For additional configuration options, check out the help:

$ python simple_classifier.py --help
  • Truncated output:
    Flow:
      Commands that control the top-level flow of the programme.
    
      --hparamsearch        Run hyperparameter search. The best hyperparameters
                            will be used for subsequent lifecycle methods
      --train               Run model training
      --validate            Run model evaluation on validation set
      --test                Run model evaluation on test set
      --profile_model       Profile the model
    
    General:
      Settings that apply to the programme in general.
    
      --id ID               Identifier for the run.
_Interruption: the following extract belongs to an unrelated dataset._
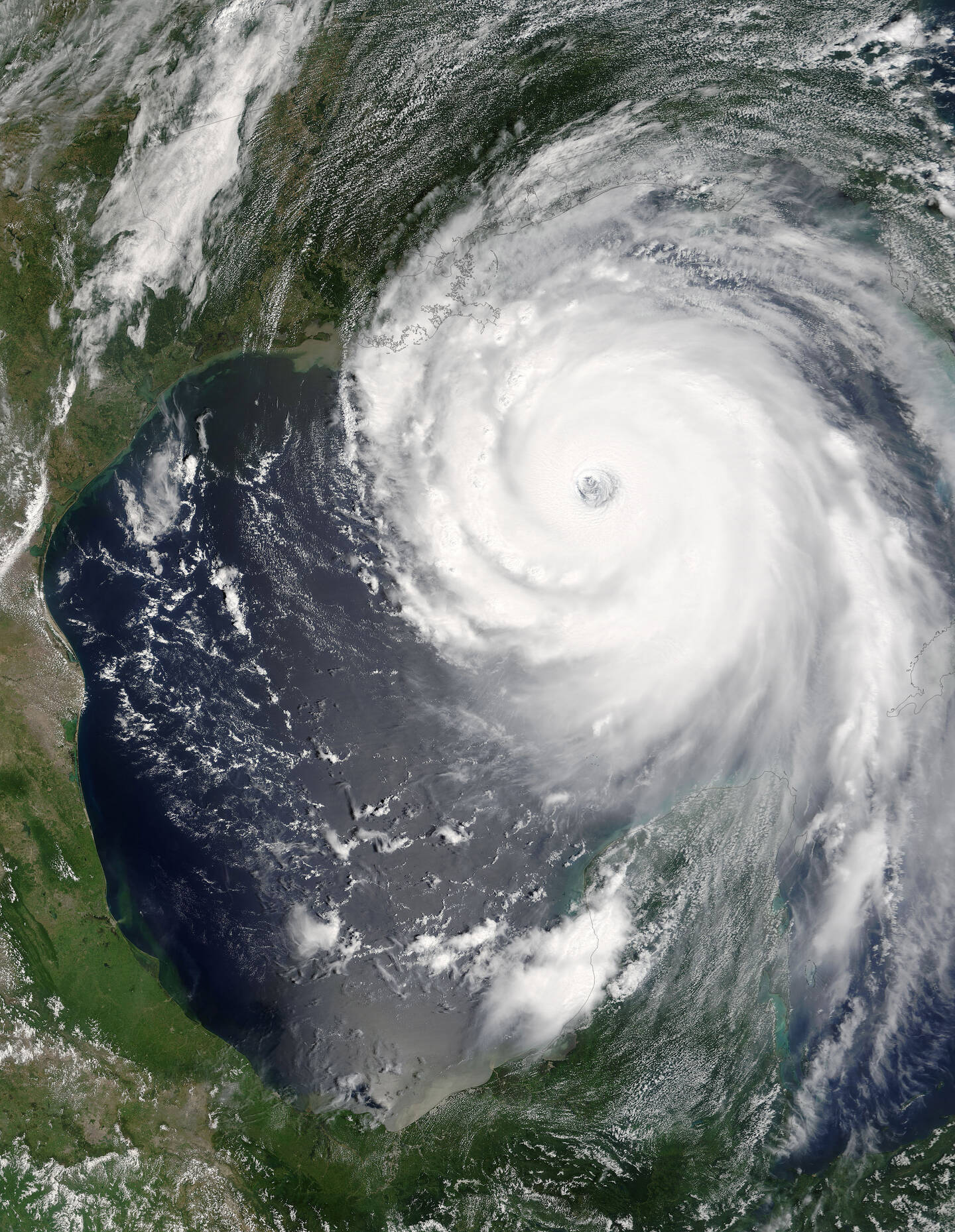 In+August+2005+Hurricane+Katrina+became+one+of+the+most+powerful+storms+to+strike+the+United+States%2C+with+winds+of+257+kilometers+%28160+miles%29+per+hour+and+stronger+gusts.+The+air+pressure%2C+another+indicator+of+hurricane+strength%2C+at+the+center+of+this+Category+5+storm+measured+902+millibars%2C+the+fourth-lowest+reading+on+record+for+an+Atlantic+storm.+This+image+shows+the+massive+hurricane+covering+much+of+the+Gulf+of+Mexico%2C+from+the+US+coast+to+the+Yucatan+Peninsula.+Before+Katrina+was+over%2C+an+estimated+1%2C833+people+died+in+the+storm+and+the+flooding+that+followed%2C+and+millions+of+others+were+left+homeless+along+the+Gulf+Coast+and+in+New+Orleans.+August+28%2C+2005.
If not specified, the current
                            timestamp will be used (Default: 202101011337)
      --seed SEED           Global random seed (Default: 123)
      --logging_backend {tensorboard,wandb}
                            Type of experiment logger (Default: tensorboard)
      ...
    
    Pytorch Lightning:
      Settings inherited from the pytorch_lightning.Trainer
      ...
      --gpus GPUS           number of gpus to train on (int) or which GPUs to
                            train on (list or str) applied per node
      ...
    
    Hparamsearch:
      Settings associated with hyperparameter optimisation
      ...
    
    Module:
      Settings associated with the Module
      --loss {mse_loss,l1_loss,nll_loss,cross_entropy,binary_cross_entropy,...}
                            Loss function used during optimisation. 
                            (Default: cross_entropy)
      --batch_size BATCH_SIZE
                            Dataloader batch size. (Default: 64)
      --num_workers NUM_WORKERS
                            Number of CPU workers to use for dataloading.
                            (Default: 10)
      --learning_rate LEARNING_RATE
                            Learning rate. (Default: 0.1)
      --weight_decay WEIGHT_DECAY
                            Weight decay. (Default: 1e-05)
      --momentum MOMENTUM   Momentum. (Default: 0.9)
      --hidden_dim HIDDEN_DIM {128, 256, 512, 1024}
                            Number of hidden units. (Defualt: 128)
      --extract_features_after_layer EXTRACT_FEATURES_AFTER_LAYER
                            Layer name after which to extract features. Nested
                            layers may be selected using dot-notation, e.g.
                            `block.subblock.layer1` (Default: )
      --visualise_features {,umap,tsne,pca}
                            Visualise extracted features using selected
                            dimensionality reduction method. Visualisations are
                            created only during evaluation. (Default: )
      --finetune_from_weights FINETUNE_FROM_WEIGHTS
                            Path to weights to finetune from. Allowed extension
                            include {'.ckpt', '.pyth', '.pth', '.pkl',
                            '.pickle'}. (Default: )
      --unfreeze_from_epoch UNFREEZE_FROM_EPOCH
                            Number of epochs to wait before starting gradual
                            unfreeze. If -1, unfreeze is omitted. (Default: -1)
      --test_confusion_matrix {0,1}
                            Create and save confusion matrix for test data.
                            (Default: 0)
      ...
    Though the above --help printout was truncated for readibility, there's still a lot going on! The general structure is a follows: First, there are flags for controlling the programme flow (e.g. whether to run hparamsearch or training), then some general parameters (id, seed, etc.), all the parameters from Pytorch Lightning, hparamsearch-related arguments, and finally the Module-specific arguments, which we either specified in the SimpleClassifier or inherited from the RideModule and mixins.

Environment

Per default, Ride projects are oriented around the current working directory and will save logs in the ~/logs folders, and cache to ~/.cache.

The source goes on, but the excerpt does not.